Finding the right place to volunteer

“What led me to PADS? In 2001 our 18 year old daughter Courtenay was killed in a car accident. After that, I was looking for some way of paying tribute to her memory. I tried several worthwhile things, such as volunteering at the Canadian Cancer Clinic, but it just didn’t feel right. Then in 2006 I remembered that probably two months before she died, Courtenay and I had had a heart-to-heart talk, and I had asked her, ‘Where’s your direction? What’s your passion? Tell me what you see for your future,’ and she’d replied, ‘Mom, whatever it takes, I’d like to get a big piece of property so I can have big dogs.’

Family on board

“That was Courtenay, she liked big animals, such as horses. I was never around big dogs my whole life, except for one spaniel that we’d had. So remembering that conversation, I thought about going with the dog training, and prayed about it for a while. Then I talked to Don and our other daughter, Kirsten, and said to them, ‘This is on my heart. What do you think? It’s something we could do as a family.’ And we all decided that it would be something our Courtenay would be happy with. That’s kind of what got me in the door.

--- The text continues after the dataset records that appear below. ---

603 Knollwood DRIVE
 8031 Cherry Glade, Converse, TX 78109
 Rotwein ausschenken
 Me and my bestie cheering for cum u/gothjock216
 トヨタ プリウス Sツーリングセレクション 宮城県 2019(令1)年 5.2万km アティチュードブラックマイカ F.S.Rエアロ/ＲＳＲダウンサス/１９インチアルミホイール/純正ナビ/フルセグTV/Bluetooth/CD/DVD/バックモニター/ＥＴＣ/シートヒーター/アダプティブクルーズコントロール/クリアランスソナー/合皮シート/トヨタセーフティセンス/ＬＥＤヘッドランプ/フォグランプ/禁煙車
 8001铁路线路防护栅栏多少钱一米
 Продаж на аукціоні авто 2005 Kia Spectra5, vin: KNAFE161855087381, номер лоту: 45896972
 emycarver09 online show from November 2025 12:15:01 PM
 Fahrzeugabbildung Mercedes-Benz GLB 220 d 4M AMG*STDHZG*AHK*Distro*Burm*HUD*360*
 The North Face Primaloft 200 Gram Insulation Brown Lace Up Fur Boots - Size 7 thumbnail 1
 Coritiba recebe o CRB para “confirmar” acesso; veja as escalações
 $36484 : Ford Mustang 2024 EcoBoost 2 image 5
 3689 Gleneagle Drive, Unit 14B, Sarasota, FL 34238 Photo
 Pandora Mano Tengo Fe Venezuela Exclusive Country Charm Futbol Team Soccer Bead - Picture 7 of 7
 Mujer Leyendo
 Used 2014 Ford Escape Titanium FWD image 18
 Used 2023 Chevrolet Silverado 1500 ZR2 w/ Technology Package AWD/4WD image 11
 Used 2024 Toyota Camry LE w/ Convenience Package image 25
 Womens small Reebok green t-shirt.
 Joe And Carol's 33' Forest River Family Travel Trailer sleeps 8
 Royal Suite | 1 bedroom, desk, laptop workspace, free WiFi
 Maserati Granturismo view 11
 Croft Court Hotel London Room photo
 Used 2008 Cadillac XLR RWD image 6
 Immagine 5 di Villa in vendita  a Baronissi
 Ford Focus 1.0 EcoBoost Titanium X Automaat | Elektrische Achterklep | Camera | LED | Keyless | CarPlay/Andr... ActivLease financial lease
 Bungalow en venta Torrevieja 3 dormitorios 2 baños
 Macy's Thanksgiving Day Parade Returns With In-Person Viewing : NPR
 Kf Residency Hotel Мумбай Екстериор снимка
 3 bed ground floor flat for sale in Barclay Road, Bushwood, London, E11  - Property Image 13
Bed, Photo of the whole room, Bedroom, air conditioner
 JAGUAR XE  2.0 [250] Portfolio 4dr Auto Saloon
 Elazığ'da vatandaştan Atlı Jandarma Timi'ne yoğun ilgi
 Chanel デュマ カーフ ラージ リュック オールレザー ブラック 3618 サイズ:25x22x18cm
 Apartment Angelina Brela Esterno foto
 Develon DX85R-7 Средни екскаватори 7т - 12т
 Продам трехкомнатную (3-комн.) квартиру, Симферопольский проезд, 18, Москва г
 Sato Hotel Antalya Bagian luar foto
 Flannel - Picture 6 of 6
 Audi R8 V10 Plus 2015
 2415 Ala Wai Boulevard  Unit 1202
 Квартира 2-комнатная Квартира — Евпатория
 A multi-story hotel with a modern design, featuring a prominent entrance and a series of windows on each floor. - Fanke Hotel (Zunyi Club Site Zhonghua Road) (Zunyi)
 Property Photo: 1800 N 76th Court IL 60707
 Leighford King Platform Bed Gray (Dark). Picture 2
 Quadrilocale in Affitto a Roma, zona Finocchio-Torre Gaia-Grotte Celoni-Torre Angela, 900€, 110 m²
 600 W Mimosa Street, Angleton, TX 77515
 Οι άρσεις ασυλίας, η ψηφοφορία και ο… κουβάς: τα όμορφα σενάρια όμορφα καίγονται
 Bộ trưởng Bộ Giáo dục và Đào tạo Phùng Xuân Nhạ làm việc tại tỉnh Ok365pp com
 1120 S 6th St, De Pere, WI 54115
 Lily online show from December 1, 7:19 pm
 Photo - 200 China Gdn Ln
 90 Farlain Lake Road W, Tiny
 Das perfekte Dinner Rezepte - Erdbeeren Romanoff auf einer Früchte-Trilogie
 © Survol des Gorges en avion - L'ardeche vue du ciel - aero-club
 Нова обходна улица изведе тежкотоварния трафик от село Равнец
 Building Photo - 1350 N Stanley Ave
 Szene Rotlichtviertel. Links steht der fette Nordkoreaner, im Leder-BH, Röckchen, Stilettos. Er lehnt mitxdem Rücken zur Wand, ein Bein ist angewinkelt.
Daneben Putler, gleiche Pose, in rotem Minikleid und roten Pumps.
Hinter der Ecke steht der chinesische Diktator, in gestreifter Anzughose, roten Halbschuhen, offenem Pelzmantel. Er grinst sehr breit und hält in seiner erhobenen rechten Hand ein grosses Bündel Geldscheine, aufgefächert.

“And now we look at it as part of our missions work. When I’m out walking them, the dogs open up conversations. I always take great delight in telling people that I raise Christian dogs! That’s how we get the conversations going. Kinda sneaky, right? But it eases nicely into lovely conversations. It’s a ministry that works for us.

How to let them go

“We usually have more than one dog at a time. Skipper here is leaving tomorrow to go to his client, and we’ll see who comes through the door next. I’m available to PADS trainers for anything they need.

“At the moment there’s about 120 dogs being raised, mainly Labradors. They’ve tried using poodles — they’re very smart, but they’re selfish with their knowledge! Labs have the perfect heart, just the right personality.

“Of course you get totally attached to them, there’s always tears when you let them go. But we raised our children the same way, to get out into the world and make it a better place. When you meet a client that has a dog you’ve helped train, and they say ‘My world is better now,’ you realize it’s one of life’s biggest lessons about giving.

“I have been blessed again by having wonderful relationships with the new owners of my dogs. I sometimes get my dogs back to babysit — I even Skype with one of my dogs in Toronto! I don’t lose dogs, I gain new friends.”